▶ [What the task requires] The lines from the one holding "this 845×633 image." through the end of the records below are to be written out exactly, and nothing else; pictures are to be left out.

▶ [Image-backed grounding data]
--------
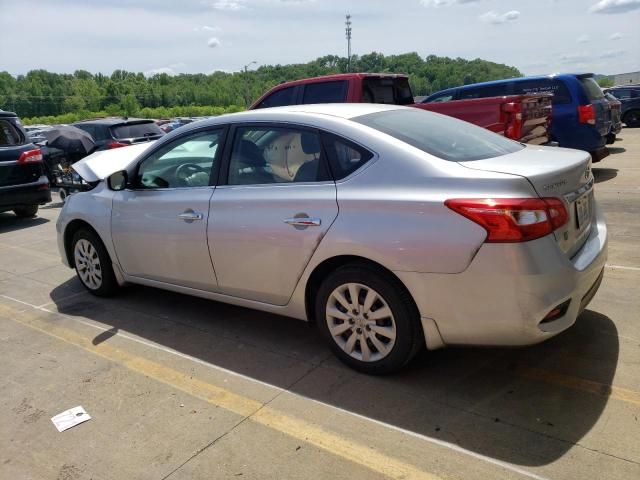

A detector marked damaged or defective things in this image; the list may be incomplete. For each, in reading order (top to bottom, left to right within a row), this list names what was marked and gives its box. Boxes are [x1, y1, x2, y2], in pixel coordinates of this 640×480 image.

crumpled hood [72, 142, 156, 183]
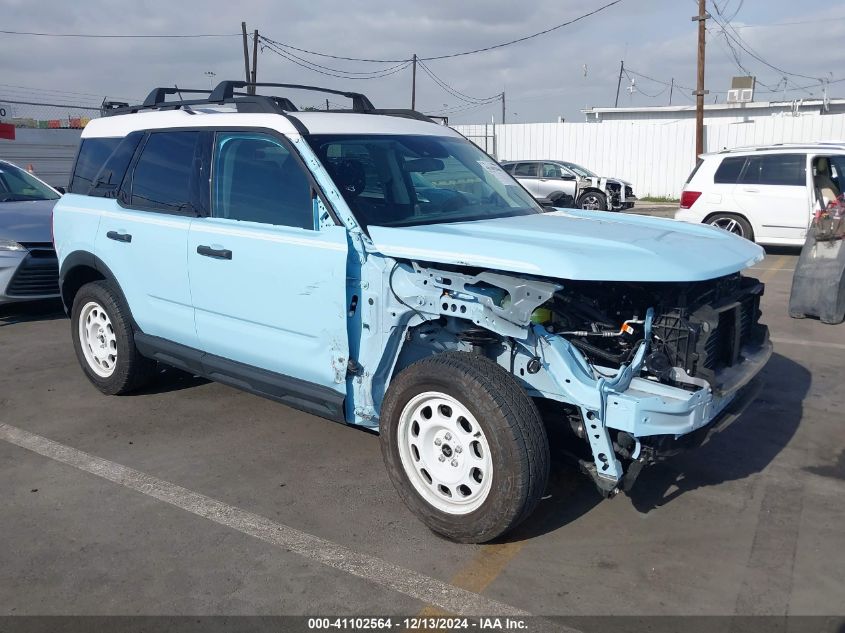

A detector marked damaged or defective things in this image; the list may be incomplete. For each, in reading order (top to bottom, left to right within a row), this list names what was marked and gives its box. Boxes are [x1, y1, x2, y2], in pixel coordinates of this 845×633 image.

damaged light blue suv [49, 81, 768, 540]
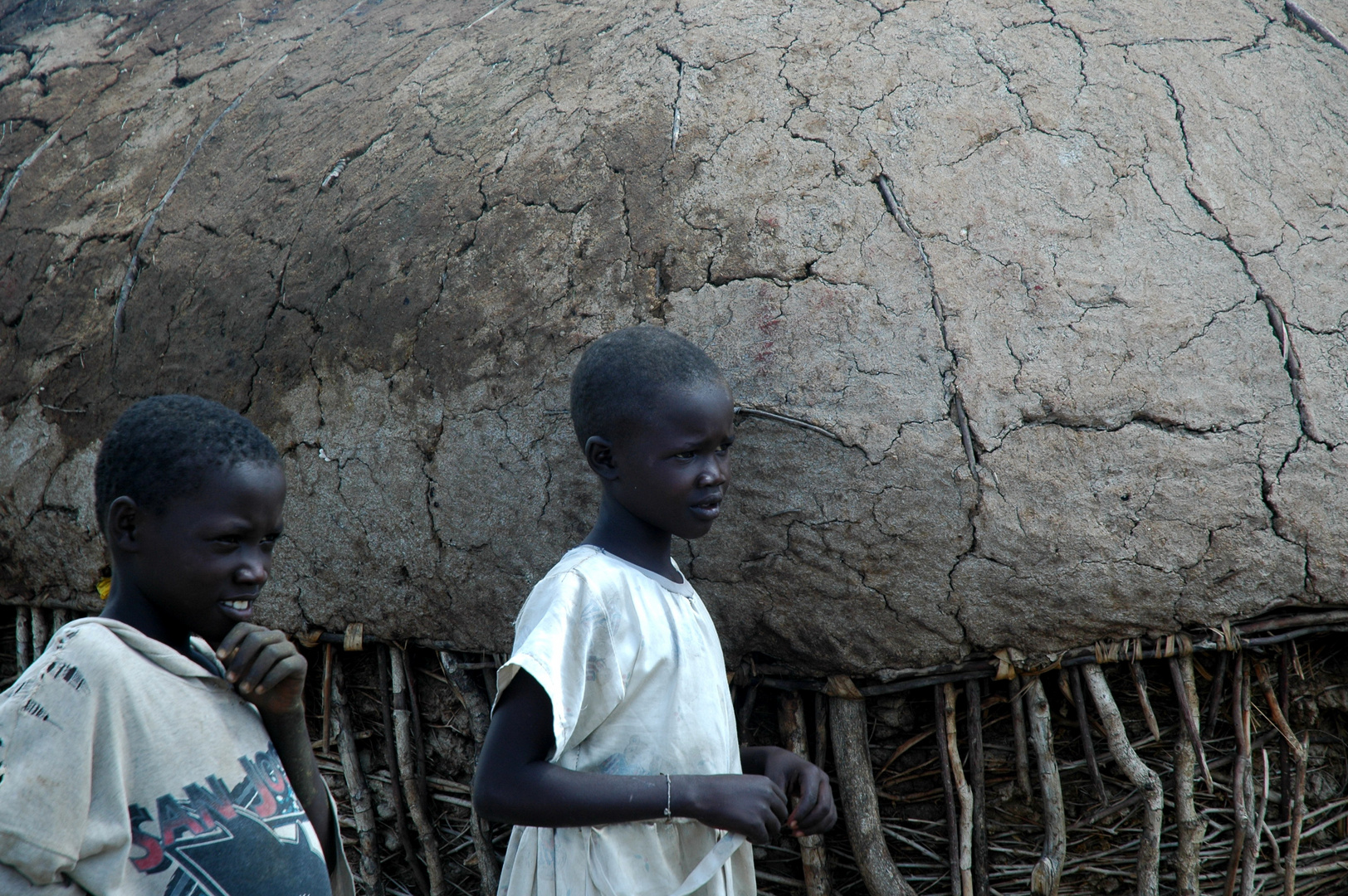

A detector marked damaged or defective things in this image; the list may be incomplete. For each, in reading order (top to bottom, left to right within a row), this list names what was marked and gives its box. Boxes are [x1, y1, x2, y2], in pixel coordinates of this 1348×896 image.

cracked mud wall [0, 0, 1342, 670]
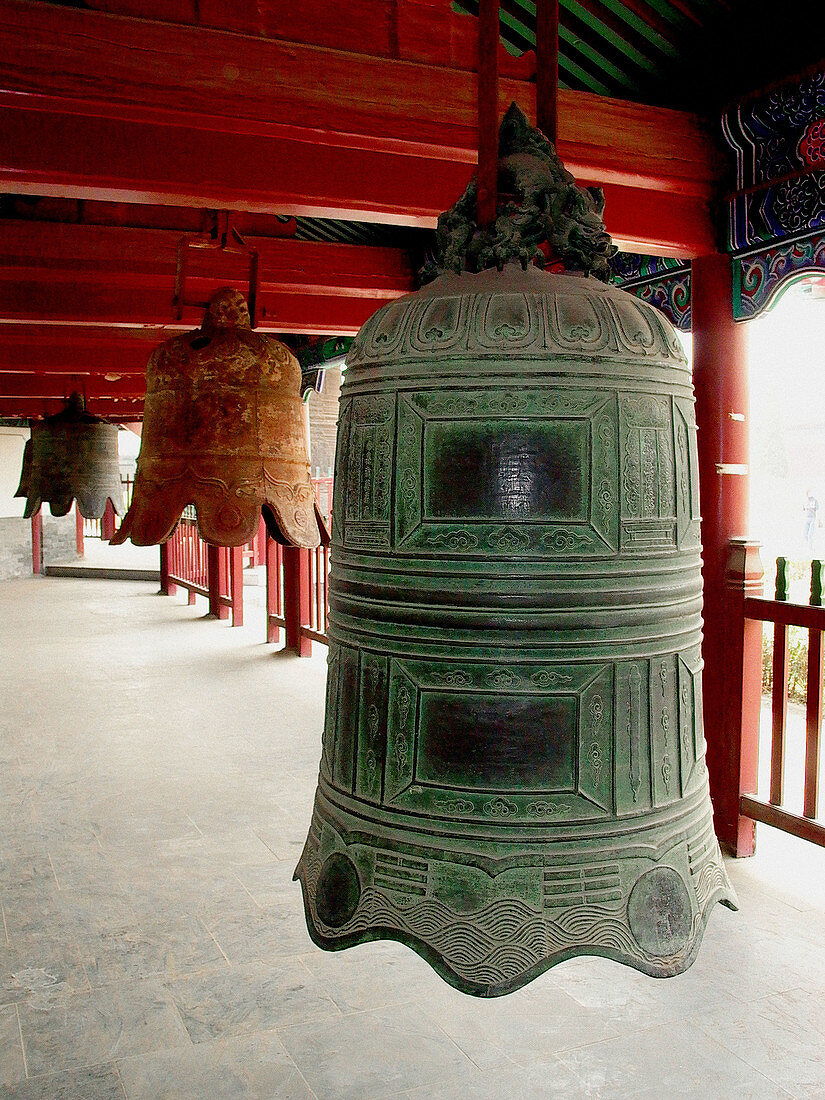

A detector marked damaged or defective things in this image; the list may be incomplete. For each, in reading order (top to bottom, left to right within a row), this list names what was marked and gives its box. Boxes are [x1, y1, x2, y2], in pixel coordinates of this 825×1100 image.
--------
▶ [Your solution]
A detector marked damaged or defective things in this image; the list may be incomplete. For each, in reading order (top to bottom, left to right within a row), this list names what was marked and gives its box. Boxes are [x1, y1, x2, y2], in pixel coordinates of this 845×633 image.

damaged light blue suv [49, 81, 768, 540]

A detector marked damaged or defective things in this image; the list may be incomplete. For each, in reading order (top to bottom, left to right within a row), this list names what was marked and gives its box. Boxes are [x1, y1, x2, y2], in pixel coordinates of this 1348×896 image.

cracked mud wall [0, 0, 1342, 670]

A detector marked damaged or defective things in this image; the list may be incomplete. For each, in reading order (top to bottom, left to right within a row), this list names what was marked and gives its box. Boxes are [x1, y1, x2, y2], in pixel coordinates of this 825×1100 image.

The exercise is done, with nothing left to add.